Task brief - In the material below, begin at the line that has "Las obras de", stop after the line that has "Раскраски бабочка, Раскраска", and transcribe those lines exactly, without pictures.

Records -
--

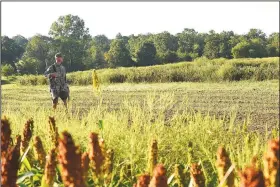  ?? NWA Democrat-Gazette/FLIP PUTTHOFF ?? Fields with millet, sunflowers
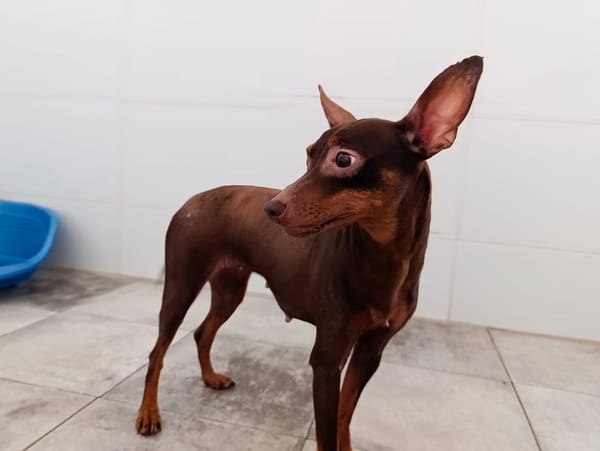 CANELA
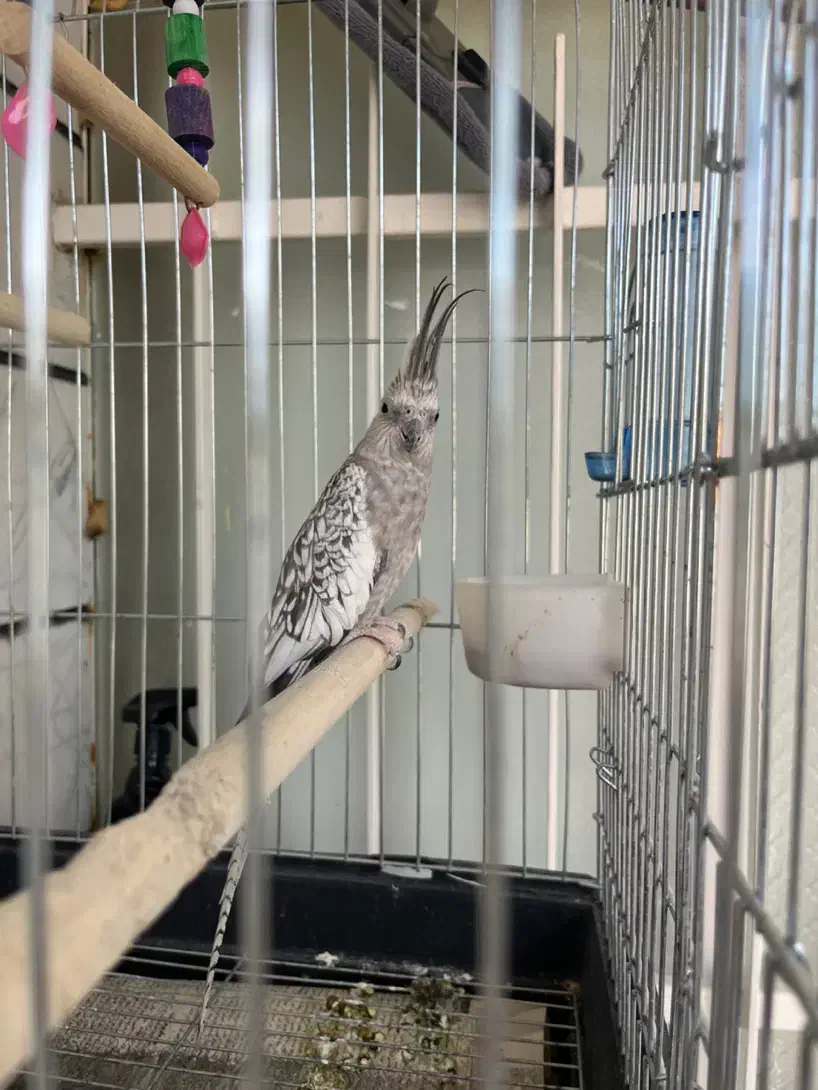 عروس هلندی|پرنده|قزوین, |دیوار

--

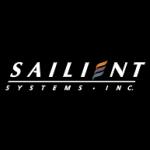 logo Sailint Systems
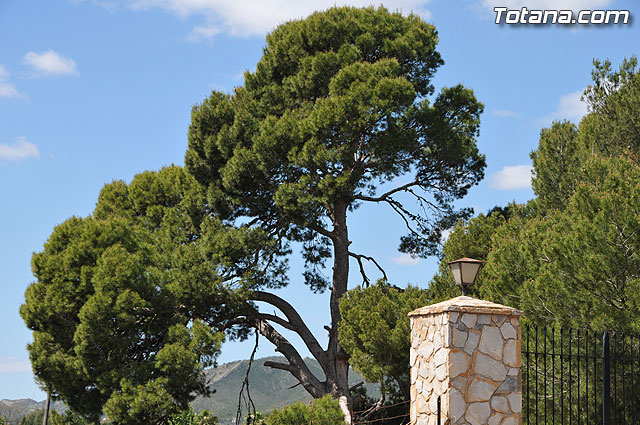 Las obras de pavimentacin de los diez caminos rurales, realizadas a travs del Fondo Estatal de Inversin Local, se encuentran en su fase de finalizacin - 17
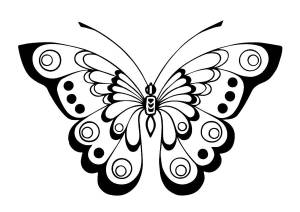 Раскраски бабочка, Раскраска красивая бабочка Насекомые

--

Solution for this problem -
 Las obras de pavimentacin de los diez caminos rurales, realizadas a travs del Fondo Estatal de Inversin Local, se encuentran en su fase de finalizacin - 17
 Раскраски бабочка, Раскраска красивая бабочка Насекомые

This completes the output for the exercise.